From Synapse to Fabric: How Glowi Modernized Its Data Architecture

Digital Hive
Mar 20
5 min read

Industry: Domestic services

Client Introduction

Glowi is a multi-brand organization, including Het Poetsbureau, which operates 75 offices across Flanders and has over 10K domestic helpers employed. They mostly have data about customers and employees. It is mainly used to create the schedules, matching the right customers to the right employees. It is also used as an input for their recruiting and marketing teams.

Challenge

The current data setup is built using Microsoft synapse on azure infrastructure.

It is focused on being cost effective and fit for purpose. Tailored to the size and requirements of Glowi. To stay up to date with new technologies, they wanted to investigate the possibility of moving to Microsoft Fabric (What is Microsoft Fabric - Microsoft Fabric | Microsoft Learn), the new data platform by Microsoft. This should be able to replace their older synapse system.

There are many reasons to move to Fabric. It is clear that the focus of Microsoft is on developing this platform, shifting away from synapse. This means all the new development and features will be added to Fabric. Furthermore, the platform will be closer integrated with PowerBI and machine learning use cases, ensuring that Glowi is both future-proof and ready for AI.

One of the main challenges here was cost. The current system was very effective, and the team at Glowi managed to align hardware with the requirements of the data, keeping the costs very low. The question was if it would be possible to migrate to Fabric without significantly increasing costs. Both costs related to infrastructure but also costs related to licenses (both Fabric and PowerBI licenses).
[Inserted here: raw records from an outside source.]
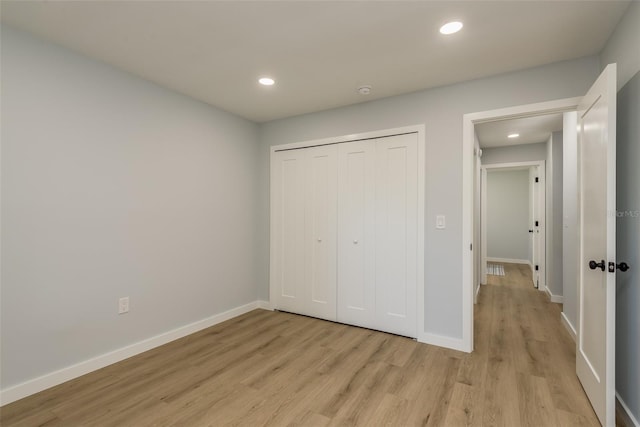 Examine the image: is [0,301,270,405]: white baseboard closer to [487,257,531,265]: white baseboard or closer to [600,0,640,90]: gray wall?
[600,0,640,90]: gray wall

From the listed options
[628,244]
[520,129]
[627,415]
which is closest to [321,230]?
[628,244]

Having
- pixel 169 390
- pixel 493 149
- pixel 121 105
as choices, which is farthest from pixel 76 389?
pixel 493 149

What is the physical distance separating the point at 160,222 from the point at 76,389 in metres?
1.40

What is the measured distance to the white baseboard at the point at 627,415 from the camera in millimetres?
1666

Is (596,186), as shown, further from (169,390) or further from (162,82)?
(162,82)

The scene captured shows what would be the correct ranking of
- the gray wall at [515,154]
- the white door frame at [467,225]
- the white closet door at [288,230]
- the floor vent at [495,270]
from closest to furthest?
1. the white door frame at [467,225]
2. the white closet door at [288,230]
3. the gray wall at [515,154]
4. the floor vent at [495,270]

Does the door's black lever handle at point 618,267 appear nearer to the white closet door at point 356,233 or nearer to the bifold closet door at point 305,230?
the white closet door at point 356,233

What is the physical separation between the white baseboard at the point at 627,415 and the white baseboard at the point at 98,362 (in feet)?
11.3

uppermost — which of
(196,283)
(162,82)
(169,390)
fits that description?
(162,82)

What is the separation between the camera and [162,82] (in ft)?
9.38

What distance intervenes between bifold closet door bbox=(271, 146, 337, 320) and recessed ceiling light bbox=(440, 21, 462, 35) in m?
1.70

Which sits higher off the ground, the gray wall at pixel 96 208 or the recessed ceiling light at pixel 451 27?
the recessed ceiling light at pixel 451 27

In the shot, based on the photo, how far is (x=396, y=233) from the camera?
317 cm

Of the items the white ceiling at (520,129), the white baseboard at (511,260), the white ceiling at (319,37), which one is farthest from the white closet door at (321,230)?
the white baseboard at (511,260) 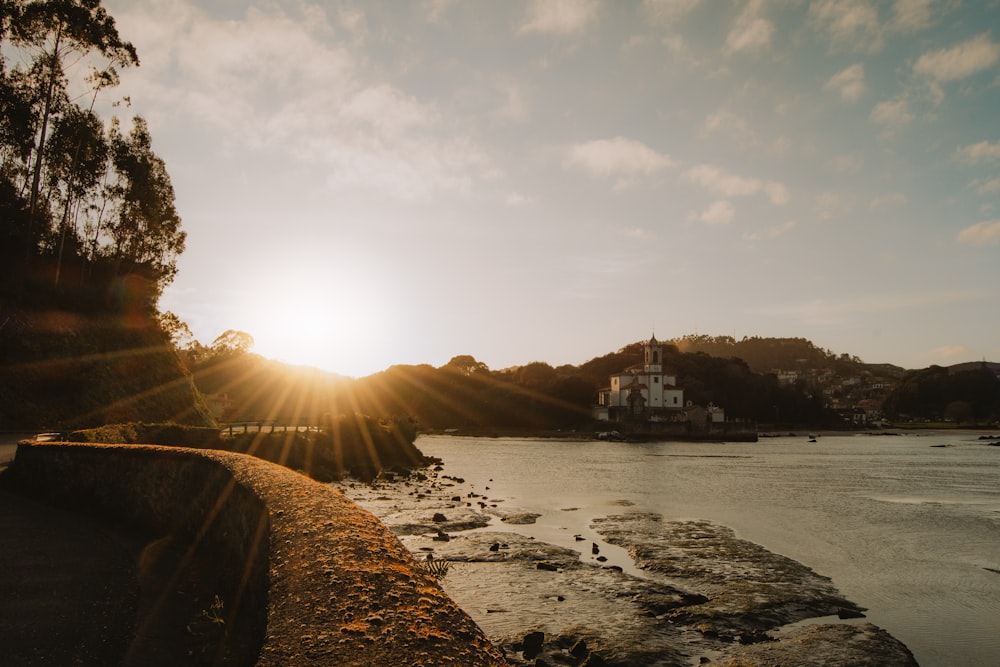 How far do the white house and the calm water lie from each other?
61.7m

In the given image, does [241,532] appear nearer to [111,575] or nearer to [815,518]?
[111,575]

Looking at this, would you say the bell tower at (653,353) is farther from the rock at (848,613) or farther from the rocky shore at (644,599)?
the rock at (848,613)

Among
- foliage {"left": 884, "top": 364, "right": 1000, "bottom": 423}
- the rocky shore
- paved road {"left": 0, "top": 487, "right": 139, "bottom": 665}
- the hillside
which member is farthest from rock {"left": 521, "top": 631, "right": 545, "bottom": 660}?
foliage {"left": 884, "top": 364, "right": 1000, "bottom": 423}

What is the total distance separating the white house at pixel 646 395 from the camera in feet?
414

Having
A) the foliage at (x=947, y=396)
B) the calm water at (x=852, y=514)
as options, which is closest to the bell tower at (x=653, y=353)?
the calm water at (x=852, y=514)

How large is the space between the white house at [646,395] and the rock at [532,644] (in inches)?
4541

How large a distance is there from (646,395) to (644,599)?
395 feet

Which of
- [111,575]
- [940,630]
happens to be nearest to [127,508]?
[111,575]

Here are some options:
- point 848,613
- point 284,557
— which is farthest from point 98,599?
point 848,613

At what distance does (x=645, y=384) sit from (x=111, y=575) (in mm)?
126983

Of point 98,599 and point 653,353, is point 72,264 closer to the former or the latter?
point 98,599

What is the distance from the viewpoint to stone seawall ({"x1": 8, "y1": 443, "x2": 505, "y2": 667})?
409 centimetres

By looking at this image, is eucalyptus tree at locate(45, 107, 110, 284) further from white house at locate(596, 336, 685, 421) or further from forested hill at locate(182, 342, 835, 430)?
white house at locate(596, 336, 685, 421)

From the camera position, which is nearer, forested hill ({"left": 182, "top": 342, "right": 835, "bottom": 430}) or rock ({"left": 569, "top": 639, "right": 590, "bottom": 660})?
rock ({"left": 569, "top": 639, "right": 590, "bottom": 660}) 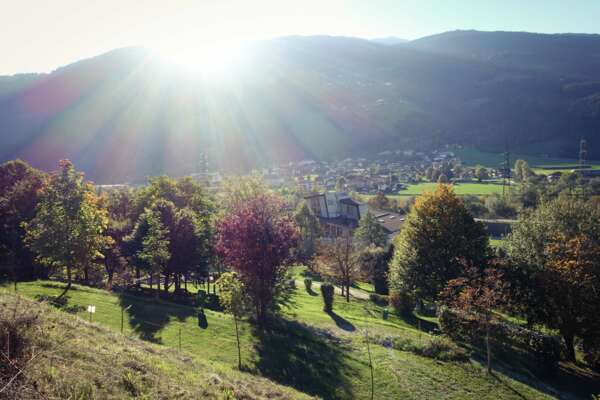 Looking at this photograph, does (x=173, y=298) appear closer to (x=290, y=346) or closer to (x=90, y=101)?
(x=290, y=346)

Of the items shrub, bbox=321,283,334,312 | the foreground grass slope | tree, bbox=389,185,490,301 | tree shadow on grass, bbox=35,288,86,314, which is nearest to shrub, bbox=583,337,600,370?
tree, bbox=389,185,490,301

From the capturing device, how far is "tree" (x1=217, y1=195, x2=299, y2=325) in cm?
2211

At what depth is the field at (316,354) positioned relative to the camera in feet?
54.8

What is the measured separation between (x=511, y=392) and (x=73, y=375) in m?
19.0

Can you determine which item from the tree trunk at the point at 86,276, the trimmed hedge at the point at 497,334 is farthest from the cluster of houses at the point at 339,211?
the trimmed hedge at the point at 497,334

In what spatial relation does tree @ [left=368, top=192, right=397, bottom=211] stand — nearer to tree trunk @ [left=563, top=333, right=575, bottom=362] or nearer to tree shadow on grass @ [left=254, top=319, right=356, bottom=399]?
tree trunk @ [left=563, top=333, right=575, bottom=362]

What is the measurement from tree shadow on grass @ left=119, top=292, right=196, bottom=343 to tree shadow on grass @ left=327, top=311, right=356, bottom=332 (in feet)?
33.2

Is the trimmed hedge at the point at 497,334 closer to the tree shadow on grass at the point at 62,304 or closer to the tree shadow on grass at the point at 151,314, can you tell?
the tree shadow on grass at the point at 151,314

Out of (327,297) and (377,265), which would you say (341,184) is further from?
(327,297)

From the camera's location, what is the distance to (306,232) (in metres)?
55.8

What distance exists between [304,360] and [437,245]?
16973mm

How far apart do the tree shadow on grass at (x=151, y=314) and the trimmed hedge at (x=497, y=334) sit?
17.6m

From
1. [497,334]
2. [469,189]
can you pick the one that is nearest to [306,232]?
[497,334]

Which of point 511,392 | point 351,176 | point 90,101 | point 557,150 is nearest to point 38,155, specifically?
point 90,101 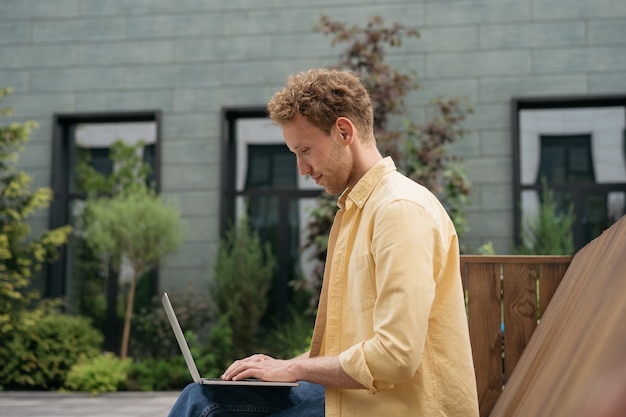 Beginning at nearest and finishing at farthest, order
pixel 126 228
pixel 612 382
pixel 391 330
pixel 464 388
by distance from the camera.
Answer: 1. pixel 612 382
2. pixel 391 330
3. pixel 464 388
4. pixel 126 228

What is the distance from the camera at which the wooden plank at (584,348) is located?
123 cm

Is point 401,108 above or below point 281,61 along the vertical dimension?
below

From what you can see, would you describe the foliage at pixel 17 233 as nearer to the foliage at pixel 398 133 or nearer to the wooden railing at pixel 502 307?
the foliage at pixel 398 133

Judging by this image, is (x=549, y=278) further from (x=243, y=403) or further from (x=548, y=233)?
(x=548, y=233)

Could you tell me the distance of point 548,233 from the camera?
9055 mm

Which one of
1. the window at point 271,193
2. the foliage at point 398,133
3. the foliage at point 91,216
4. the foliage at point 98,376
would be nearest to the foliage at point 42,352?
the foliage at point 98,376

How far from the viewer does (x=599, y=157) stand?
9617 mm

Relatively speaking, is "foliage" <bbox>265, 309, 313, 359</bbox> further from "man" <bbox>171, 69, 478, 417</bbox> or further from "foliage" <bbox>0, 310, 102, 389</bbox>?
"man" <bbox>171, 69, 478, 417</bbox>

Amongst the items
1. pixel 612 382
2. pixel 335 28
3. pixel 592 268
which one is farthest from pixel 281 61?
pixel 612 382

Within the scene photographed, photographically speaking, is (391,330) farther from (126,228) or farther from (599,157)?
(599,157)

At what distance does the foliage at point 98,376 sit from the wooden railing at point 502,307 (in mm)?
6059

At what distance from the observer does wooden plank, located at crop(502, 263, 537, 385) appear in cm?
314

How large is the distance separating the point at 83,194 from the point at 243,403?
8.69m

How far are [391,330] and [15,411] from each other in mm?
6279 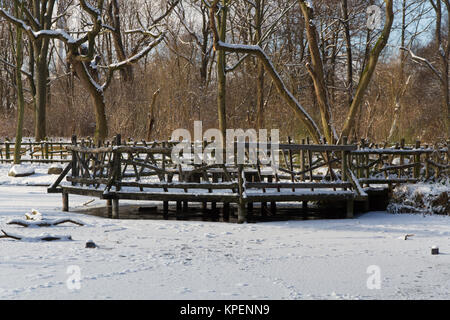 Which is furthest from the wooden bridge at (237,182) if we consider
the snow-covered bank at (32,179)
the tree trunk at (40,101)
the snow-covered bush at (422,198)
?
the tree trunk at (40,101)

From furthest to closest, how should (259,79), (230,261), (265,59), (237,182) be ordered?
1. (259,79)
2. (265,59)
3. (237,182)
4. (230,261)

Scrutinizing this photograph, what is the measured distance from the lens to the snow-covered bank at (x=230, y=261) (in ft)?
21.5

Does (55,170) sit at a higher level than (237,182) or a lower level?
higher

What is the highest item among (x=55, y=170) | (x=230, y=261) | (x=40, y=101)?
(x=40, y=101)

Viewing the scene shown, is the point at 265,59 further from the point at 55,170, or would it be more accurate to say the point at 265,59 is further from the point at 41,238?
the point at 55,170

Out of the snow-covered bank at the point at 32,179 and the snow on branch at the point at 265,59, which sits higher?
the snow on branch at the point at 265,59

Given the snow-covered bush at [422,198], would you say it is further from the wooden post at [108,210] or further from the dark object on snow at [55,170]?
the dark object on snow at [55,170]

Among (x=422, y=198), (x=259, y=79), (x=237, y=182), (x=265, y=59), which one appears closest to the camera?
(x=237, y=182)

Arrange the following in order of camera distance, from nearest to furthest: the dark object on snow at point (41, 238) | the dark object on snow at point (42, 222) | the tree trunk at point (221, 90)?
the dark object on snow at point (41, 238) < the dark object on snow at point (42, 222) < the tree trunk at point (221, 90)

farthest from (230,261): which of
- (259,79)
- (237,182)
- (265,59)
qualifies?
(259,79)

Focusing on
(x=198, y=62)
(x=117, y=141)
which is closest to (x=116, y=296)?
(x=117, y=141)

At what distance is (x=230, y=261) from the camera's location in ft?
27.0

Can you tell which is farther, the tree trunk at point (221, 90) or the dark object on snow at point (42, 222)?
the tree trunk at point (221, 90)

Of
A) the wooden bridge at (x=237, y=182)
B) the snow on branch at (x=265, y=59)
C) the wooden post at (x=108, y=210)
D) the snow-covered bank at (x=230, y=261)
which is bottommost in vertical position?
the snow-covered bank at (x=230, y=261) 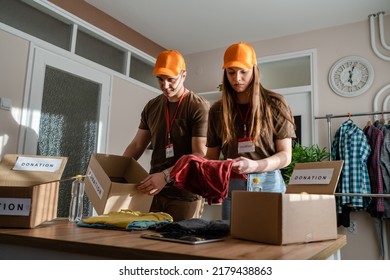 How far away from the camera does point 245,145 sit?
4.63 feet

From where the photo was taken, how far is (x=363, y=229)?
3.48m

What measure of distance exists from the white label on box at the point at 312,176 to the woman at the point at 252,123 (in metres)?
0.23

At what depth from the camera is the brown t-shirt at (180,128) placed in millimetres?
1691

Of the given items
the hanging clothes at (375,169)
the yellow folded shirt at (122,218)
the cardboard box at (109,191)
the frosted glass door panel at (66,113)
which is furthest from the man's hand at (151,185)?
the hanging clothes at (375,169)

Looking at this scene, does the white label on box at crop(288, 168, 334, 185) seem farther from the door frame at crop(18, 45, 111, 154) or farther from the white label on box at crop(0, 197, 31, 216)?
the door frame at crop(18, 45, 111, 154)

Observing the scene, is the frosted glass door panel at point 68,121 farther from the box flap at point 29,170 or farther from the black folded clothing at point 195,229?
the black folded clothing at point 195,229

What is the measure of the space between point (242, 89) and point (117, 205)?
701 mm

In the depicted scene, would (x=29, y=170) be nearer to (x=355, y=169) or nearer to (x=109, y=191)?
(x=109, y=191)

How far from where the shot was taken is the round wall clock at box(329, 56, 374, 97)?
3662mm

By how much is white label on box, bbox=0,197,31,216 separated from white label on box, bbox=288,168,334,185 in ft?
2.70

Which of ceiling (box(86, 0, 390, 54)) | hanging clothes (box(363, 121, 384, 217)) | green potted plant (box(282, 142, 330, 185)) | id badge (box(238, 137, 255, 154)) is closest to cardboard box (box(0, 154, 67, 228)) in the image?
id badge (box(238, 137, 255, 154))

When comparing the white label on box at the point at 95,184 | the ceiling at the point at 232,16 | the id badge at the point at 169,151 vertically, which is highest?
the ceiling at the point at 232,16

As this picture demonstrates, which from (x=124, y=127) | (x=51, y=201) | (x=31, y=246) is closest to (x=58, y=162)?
(x=51, y=201)

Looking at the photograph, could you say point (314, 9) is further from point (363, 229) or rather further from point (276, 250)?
point (276, 250) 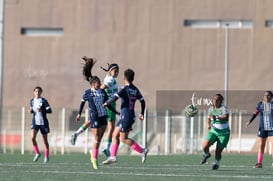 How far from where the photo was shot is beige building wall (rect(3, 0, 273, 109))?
208ft

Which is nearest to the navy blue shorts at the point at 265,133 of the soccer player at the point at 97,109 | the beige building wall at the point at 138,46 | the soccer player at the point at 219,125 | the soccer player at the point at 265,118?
the soccer player at the point at 265,118

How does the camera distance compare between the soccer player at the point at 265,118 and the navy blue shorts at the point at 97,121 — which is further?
the soccer player at the point at 265,118

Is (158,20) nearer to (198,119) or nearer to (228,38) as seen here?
(228,38)

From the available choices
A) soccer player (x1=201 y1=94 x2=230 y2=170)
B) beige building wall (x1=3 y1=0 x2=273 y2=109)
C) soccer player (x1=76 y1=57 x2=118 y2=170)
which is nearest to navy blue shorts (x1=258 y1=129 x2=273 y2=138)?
soccer player (x1=201 y1=94 x2=230 y2=170)

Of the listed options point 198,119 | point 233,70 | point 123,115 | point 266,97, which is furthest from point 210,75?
point 123,115

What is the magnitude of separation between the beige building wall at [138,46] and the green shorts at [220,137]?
40.4 m

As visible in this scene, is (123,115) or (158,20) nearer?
(123,115)

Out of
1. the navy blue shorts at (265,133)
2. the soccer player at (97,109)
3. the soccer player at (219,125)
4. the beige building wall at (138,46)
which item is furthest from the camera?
the beige building wall at (138,46)

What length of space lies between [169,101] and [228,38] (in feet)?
17.9

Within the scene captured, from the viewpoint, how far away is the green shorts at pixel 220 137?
21.8 meters

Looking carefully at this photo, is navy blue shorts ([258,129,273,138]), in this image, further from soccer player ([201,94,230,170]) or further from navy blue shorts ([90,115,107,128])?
navy blue shorts ([90,115,107,128])

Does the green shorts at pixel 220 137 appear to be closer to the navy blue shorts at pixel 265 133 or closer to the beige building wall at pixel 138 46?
the navy blue shorts at pixel 265 133

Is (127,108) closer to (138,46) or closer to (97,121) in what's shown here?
(97,121)

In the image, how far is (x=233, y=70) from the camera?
63.6 metres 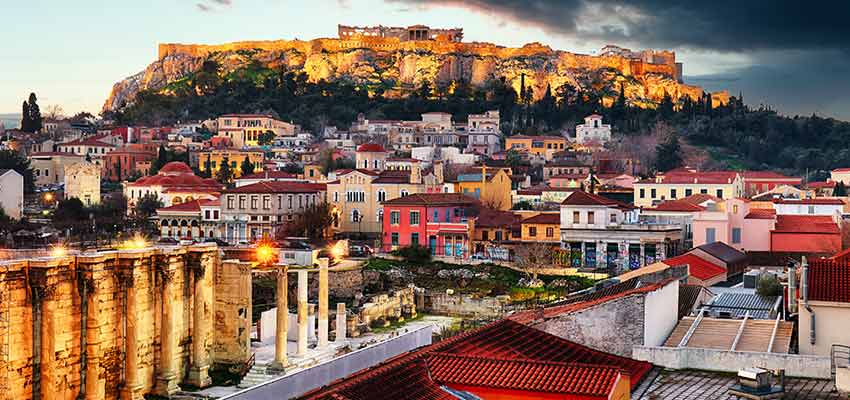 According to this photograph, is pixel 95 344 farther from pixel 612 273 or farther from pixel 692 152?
pixel 692 152

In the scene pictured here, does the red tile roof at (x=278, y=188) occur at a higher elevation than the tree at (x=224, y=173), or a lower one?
lower

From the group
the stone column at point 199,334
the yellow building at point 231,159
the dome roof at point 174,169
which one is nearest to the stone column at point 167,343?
the stone column at point 199,334

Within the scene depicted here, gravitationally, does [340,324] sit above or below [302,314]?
below

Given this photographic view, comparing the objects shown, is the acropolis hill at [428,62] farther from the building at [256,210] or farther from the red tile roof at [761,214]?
the red tile roof at [761,214]

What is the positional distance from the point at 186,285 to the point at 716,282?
58.5 ft

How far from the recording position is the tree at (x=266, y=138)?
125 meters

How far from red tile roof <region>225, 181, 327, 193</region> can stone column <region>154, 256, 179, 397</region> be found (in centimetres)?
4462

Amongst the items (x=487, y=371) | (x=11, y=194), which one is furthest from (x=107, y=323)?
(x=11, y=194)

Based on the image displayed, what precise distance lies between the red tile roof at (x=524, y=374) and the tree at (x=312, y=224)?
5514cm

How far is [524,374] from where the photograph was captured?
650 inches

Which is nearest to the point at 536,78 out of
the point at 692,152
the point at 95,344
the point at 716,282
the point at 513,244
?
the point at 692,152

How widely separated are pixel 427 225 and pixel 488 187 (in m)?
13.1

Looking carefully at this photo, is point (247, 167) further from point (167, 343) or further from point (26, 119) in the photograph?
point (167, 343)

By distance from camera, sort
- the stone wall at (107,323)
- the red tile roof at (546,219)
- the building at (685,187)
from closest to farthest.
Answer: the stone wall at (107,323)
the red tile roof at (546,219)
the building at (685,187) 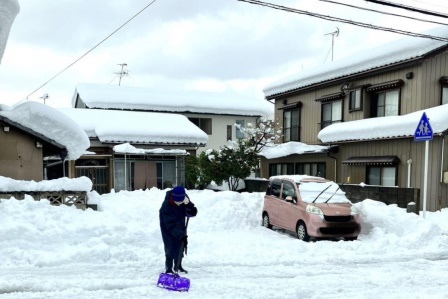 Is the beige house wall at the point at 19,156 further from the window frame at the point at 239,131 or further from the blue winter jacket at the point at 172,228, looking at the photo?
the window frame at the point at 239,131

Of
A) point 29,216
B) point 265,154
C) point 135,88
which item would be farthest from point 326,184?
point 135,88

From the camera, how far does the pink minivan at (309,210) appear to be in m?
9.09

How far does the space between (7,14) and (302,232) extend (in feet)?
27.1

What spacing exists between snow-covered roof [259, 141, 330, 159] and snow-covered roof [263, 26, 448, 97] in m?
3.37

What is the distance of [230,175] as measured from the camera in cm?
1805

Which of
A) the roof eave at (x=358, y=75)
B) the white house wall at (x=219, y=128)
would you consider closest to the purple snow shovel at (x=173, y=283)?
the roof eave at (x=358, y=75)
The other challenge was the infrastructure behind setting up the new Fabric environment. Since Fabric is a new offering, no one at Glowi had deep knowledge of the platform. This means that they were unsure about how to implement it, and what the best way of doing things on the platform is. This goes from how to run jobs to best practices and limitations of the platform.

Scope

A workshop around efficiently ingesting new data into the Fabric lakehouses
Investigation around capacity and licenses.
A POC of one month to do an initial onboarding and setup of the Fabric platform.

Results

Cost analysis
To tackle the concerns around cost we provided Glowi with an overview of the costs related to using Fabric and PowerBI. We also provided them with an overview of the costs, comparing Synapse and Fabric (part of this analysis can be found in A comparison of Spark pools in Synapse and Fabric). The main result from this analysis is that is it highly preferred to use reserved capacity, since this comes at quite a discount. There are however also some limitations, since the reserved capacity is available 24/7, and if you are not using it, you are still paying for it. To identify the best capacity for their jobs, we suggested the use of pay-as-you-go resources to identify the right size. Afterwards this capacity can then be reserved for a year or longer. It is also taken into consideration when designing the infrastructure, with runs over night and analysis during the day, to make sure the reserved capacity is fully used.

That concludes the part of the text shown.